Gross profit of $30.6 million and gross profit margin of 53% increased significantly during the fourth quarter in 2021 compared to a gross loss of $1.0 million and a negative profit margin of 7% in the same period in 2020. The improvement is due to deployment of highly efficient miners and increased average price of Bitcoin, partially offset by higher electricity rates and increased depreciation expense.

7

HUT 8 MINING CORP.
Management’s Discussion and Analysis
Year ended December 31, 2021
(In Canadian Dollars)

General and administrative expenses were $14.1 million in 2021 compared to $1.6 million in the prior year period. The increase in costs is driven by share-based payments and sales tax expense, as well as due to payroll and professional fees to support the Company’s growth and vision. Share-based payments increased by $2.4 million, as a result of share-based awards granted as part of attracting talented new members of Management.
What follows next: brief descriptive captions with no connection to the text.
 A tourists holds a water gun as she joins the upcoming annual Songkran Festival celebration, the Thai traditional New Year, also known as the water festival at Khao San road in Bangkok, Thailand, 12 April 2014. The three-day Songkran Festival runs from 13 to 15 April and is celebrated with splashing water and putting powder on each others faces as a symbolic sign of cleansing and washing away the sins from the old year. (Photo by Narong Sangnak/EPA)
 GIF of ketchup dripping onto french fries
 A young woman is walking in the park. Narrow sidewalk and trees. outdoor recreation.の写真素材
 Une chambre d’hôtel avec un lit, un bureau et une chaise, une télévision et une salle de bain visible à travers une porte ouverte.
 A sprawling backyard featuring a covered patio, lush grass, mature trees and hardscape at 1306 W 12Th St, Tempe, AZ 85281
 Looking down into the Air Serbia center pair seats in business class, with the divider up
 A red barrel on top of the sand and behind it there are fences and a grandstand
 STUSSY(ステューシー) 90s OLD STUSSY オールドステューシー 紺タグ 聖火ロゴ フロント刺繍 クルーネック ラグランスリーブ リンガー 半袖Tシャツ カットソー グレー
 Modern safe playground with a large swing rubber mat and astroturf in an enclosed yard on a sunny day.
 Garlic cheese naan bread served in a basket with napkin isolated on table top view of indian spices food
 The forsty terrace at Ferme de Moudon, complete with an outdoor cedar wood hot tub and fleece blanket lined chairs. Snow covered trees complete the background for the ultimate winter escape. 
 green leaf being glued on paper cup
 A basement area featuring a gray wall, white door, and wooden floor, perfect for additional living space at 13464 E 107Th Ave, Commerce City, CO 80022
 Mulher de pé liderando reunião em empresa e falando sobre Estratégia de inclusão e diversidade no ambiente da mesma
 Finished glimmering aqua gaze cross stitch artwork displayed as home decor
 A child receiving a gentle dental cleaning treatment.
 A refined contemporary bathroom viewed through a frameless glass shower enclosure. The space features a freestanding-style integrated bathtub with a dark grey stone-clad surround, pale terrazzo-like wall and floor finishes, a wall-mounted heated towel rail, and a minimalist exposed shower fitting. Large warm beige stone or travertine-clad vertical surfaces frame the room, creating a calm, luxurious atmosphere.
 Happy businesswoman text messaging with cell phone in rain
Salary and benefits expense increased from $0.3 million to $0.8 million, driven by increased headcount and bonus accruals. Insurance expense increased from $0.2 million to $1.0 million, reflecting a combination of increased premiums driven by global insurance markets, combined with an expansion of director and officer liability insurance.  Sales tax expense increased by $4.4 million, to $4.9 million, driven by capital investments attracting sales tax and uncertainty related to recovery of refunds from Canadian tax authorities.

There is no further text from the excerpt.